**Problem:**
Reproduce the opening lines of the records exactly, up to and including the line in which "Mathematics 10 03513 g005" occurs.
= Beginning of Section =
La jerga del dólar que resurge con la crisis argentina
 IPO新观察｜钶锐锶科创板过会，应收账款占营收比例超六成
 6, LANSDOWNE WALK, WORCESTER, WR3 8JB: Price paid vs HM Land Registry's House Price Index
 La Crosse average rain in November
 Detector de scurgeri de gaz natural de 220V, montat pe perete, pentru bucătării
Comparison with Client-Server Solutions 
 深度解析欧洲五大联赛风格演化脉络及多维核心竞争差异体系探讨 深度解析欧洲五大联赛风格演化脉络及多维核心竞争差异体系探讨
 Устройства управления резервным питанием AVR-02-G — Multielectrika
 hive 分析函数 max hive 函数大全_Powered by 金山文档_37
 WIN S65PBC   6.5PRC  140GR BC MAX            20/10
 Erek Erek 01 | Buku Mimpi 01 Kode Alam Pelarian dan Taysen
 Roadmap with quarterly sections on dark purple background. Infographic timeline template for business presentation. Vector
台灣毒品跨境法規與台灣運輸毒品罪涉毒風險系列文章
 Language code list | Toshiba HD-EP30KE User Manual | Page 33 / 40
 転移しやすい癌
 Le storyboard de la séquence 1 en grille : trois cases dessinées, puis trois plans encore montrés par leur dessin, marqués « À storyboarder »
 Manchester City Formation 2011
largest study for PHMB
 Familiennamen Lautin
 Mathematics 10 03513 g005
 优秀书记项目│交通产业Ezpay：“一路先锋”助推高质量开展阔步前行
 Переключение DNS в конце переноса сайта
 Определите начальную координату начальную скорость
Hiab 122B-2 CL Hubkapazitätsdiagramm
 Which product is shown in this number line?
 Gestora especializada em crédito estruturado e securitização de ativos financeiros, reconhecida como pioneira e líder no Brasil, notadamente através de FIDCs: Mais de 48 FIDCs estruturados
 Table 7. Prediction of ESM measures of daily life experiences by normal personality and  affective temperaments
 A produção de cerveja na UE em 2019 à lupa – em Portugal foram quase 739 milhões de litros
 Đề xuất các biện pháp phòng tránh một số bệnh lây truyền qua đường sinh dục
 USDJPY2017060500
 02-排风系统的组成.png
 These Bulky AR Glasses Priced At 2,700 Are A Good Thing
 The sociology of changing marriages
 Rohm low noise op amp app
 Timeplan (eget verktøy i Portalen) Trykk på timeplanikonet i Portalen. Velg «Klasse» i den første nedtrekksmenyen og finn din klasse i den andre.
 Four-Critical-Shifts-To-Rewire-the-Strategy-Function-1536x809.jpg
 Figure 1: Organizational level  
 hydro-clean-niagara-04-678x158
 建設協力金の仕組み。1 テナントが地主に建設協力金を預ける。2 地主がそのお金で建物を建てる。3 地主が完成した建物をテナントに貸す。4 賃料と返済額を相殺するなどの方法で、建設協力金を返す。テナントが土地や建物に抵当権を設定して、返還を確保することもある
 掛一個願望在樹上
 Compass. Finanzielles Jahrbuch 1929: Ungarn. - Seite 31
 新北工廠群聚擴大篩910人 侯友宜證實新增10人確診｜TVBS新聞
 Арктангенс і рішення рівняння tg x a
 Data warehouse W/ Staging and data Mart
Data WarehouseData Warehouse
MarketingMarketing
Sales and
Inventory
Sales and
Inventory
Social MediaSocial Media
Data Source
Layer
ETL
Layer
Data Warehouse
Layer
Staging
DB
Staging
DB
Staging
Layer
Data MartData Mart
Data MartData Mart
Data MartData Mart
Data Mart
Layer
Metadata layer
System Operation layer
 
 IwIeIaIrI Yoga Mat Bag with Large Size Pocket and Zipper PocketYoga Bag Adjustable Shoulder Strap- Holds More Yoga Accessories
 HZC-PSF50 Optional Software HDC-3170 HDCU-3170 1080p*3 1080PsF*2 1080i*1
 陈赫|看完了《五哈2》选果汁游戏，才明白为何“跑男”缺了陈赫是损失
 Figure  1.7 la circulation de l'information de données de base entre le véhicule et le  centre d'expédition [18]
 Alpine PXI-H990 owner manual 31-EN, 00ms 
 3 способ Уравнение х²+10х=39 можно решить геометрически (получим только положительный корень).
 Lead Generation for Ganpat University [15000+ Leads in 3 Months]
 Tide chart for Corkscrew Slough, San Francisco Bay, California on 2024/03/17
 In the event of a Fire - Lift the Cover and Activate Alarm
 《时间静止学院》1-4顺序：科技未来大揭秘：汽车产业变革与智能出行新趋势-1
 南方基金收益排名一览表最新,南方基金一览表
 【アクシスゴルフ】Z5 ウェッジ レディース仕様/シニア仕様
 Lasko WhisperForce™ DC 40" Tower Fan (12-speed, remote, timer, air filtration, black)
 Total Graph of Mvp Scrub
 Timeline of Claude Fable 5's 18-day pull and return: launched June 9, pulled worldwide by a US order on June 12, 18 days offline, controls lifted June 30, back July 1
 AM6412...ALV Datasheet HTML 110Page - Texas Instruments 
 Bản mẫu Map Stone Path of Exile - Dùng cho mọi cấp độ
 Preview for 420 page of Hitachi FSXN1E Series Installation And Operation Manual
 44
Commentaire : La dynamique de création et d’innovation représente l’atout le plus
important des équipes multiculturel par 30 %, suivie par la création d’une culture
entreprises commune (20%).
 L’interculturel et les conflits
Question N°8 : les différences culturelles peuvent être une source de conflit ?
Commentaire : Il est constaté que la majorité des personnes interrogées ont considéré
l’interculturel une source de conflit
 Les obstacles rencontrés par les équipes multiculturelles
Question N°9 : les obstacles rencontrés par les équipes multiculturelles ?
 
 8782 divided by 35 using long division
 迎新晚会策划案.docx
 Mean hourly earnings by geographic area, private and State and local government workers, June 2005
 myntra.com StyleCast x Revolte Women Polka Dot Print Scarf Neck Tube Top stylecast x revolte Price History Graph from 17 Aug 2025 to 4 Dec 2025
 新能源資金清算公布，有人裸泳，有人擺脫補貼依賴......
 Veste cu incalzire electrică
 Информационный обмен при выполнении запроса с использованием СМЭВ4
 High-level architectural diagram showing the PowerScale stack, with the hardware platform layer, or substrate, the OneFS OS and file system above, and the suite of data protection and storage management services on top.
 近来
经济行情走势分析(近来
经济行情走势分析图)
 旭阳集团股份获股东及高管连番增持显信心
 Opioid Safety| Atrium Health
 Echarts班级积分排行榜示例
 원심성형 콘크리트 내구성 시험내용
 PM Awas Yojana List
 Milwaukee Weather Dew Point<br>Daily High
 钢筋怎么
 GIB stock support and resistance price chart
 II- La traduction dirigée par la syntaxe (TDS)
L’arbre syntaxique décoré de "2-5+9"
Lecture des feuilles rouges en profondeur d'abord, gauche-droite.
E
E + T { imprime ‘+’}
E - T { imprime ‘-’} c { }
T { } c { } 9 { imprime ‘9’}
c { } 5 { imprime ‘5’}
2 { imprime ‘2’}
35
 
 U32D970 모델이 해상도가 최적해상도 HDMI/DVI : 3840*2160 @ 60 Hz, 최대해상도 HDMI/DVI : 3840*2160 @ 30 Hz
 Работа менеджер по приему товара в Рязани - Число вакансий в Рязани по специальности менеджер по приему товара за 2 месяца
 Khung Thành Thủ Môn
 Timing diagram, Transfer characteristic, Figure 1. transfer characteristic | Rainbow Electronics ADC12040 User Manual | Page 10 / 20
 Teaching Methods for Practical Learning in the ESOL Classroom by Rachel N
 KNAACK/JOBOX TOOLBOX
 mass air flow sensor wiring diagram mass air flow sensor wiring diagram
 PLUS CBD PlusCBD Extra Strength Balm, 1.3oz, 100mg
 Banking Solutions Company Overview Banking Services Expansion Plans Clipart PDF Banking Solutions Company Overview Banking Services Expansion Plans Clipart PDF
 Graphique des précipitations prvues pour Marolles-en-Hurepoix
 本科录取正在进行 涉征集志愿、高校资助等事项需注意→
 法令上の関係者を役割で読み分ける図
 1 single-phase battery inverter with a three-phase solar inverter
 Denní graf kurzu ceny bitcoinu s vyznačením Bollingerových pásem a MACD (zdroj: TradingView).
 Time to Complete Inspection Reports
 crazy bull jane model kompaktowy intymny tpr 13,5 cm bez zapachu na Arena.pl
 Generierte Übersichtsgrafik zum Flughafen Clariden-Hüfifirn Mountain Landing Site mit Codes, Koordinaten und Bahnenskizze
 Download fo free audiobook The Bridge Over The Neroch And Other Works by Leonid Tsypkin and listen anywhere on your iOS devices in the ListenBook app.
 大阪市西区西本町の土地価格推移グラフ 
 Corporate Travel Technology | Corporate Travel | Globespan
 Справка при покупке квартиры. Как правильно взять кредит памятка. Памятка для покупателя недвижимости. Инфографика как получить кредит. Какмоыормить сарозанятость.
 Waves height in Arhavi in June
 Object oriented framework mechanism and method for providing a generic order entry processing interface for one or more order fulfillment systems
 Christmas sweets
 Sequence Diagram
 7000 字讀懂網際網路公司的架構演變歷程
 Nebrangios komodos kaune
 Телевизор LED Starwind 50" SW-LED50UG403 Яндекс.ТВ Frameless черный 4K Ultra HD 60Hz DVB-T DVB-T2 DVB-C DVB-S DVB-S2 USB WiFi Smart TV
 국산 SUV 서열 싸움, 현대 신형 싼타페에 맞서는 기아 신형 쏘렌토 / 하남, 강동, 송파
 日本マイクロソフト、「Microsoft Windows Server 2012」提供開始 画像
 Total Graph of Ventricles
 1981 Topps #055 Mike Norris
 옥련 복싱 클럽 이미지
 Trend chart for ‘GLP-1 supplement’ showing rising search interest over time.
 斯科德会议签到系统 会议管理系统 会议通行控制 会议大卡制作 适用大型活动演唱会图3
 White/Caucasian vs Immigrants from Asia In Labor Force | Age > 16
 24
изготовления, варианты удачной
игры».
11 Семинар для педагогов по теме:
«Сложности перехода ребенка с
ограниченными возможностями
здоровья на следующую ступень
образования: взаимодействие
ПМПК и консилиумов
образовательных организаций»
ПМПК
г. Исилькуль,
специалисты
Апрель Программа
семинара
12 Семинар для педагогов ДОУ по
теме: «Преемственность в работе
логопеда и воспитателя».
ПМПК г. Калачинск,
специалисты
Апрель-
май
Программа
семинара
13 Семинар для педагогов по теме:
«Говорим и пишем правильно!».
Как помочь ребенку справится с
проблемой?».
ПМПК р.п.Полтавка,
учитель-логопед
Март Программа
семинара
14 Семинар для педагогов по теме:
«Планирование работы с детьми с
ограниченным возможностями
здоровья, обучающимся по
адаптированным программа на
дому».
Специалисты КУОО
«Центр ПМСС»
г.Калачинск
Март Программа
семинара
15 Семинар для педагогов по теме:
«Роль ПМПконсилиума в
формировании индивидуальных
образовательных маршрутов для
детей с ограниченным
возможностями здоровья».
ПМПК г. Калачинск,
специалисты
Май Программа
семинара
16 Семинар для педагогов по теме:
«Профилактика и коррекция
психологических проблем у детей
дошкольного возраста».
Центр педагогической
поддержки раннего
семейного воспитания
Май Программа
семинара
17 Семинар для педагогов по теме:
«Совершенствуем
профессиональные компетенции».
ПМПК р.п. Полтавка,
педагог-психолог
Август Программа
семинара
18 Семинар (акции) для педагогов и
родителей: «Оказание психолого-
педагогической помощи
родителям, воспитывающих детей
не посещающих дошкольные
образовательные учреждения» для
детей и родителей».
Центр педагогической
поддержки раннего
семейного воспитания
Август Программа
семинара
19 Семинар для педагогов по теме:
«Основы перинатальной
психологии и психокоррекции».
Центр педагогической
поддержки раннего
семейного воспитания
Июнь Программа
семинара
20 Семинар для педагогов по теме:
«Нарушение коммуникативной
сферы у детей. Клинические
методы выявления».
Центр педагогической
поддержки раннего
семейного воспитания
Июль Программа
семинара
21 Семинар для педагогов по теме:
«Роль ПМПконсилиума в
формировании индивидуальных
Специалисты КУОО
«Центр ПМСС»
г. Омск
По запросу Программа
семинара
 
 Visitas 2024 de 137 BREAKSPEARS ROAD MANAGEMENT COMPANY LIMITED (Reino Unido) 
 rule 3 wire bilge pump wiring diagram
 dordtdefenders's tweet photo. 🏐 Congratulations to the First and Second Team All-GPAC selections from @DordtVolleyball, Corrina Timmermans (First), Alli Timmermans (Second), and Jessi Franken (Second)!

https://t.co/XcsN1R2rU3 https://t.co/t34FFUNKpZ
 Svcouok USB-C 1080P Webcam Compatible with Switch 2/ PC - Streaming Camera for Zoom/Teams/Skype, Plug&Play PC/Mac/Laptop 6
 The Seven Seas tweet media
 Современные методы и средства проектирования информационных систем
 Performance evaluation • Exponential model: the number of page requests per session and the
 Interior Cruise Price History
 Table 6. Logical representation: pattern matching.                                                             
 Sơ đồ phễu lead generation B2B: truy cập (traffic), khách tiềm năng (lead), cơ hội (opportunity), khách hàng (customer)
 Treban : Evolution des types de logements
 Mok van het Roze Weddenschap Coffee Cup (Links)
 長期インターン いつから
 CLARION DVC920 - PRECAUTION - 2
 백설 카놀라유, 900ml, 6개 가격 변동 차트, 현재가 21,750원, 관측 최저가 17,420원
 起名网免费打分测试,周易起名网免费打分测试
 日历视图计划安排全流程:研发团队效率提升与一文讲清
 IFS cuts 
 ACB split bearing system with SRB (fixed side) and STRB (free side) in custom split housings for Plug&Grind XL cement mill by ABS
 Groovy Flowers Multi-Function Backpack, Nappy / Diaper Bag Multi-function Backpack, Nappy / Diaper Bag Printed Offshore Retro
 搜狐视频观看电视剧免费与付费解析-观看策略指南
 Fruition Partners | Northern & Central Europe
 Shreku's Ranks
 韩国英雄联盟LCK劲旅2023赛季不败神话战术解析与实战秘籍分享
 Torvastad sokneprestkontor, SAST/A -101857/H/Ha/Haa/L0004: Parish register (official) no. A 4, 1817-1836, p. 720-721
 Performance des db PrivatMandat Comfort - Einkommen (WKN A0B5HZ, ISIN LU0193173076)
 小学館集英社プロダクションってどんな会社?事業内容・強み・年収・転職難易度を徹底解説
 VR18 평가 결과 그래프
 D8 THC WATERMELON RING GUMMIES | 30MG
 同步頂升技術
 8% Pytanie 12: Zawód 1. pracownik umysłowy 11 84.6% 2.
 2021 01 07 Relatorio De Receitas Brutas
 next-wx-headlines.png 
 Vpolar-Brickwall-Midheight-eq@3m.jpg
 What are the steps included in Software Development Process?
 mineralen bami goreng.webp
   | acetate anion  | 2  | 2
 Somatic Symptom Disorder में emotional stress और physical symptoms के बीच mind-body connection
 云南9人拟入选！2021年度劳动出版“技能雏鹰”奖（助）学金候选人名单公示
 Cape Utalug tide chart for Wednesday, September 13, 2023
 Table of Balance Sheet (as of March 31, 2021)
= End of Section =
**Answer to this problem:**
La jerga del dólar que resurge con la crisis argentina
 IPO新观察｜钶锐锶科创板过会，应收账款占营收比例超六成
 6, LANSDOWNE WALK, WORCESTER, WR3 8JB: Price paid vs HM Land Registry's House Price Index
 La Crosse average rain in November
 Detector de scurgeri de gaz natural de 220V, montat pe perete, pentru bucătării
Comparison with Client-Server Solutions 
 深度解析欧洲五大联赛风格演化脉络及多维核心竞争差异体系探讨 深度解析欧洲五大联赛风格演化脉络及多维核心竞争差异体系探讨
 Устройства управления резервным питанием AVR-02-G — Multielectrika
 hive 分析函数 max hive 函数大全_Powered by 金山文档_37
 WIN S65PBC   6.5PRC  140GR BC MAX            20/10
 Erek Erek 01 | Buku Mimpi 01 Kode Alam Pelarian dan Taysen
 Roadmap with quarterly sections on dark purple background. Infographic timeline template for business presentation. Vector
台灣毒品跨境法規與台灣運輸毒品罪涉毒風險系列文章
 Language code list | Toshiba HD-EP30KE User Manual | Page 33 / 40
 転移しやすい癌
 Le storyboard de la séquence 1 en grille : trois cases dessinées, puis trois plans encore montrés par leur dessin, marqués « À storyboarder »
 Manchester City Formation 2011
largest study for PHMB
 Familiennamen Lautin
 Mathematics 10 03513 g005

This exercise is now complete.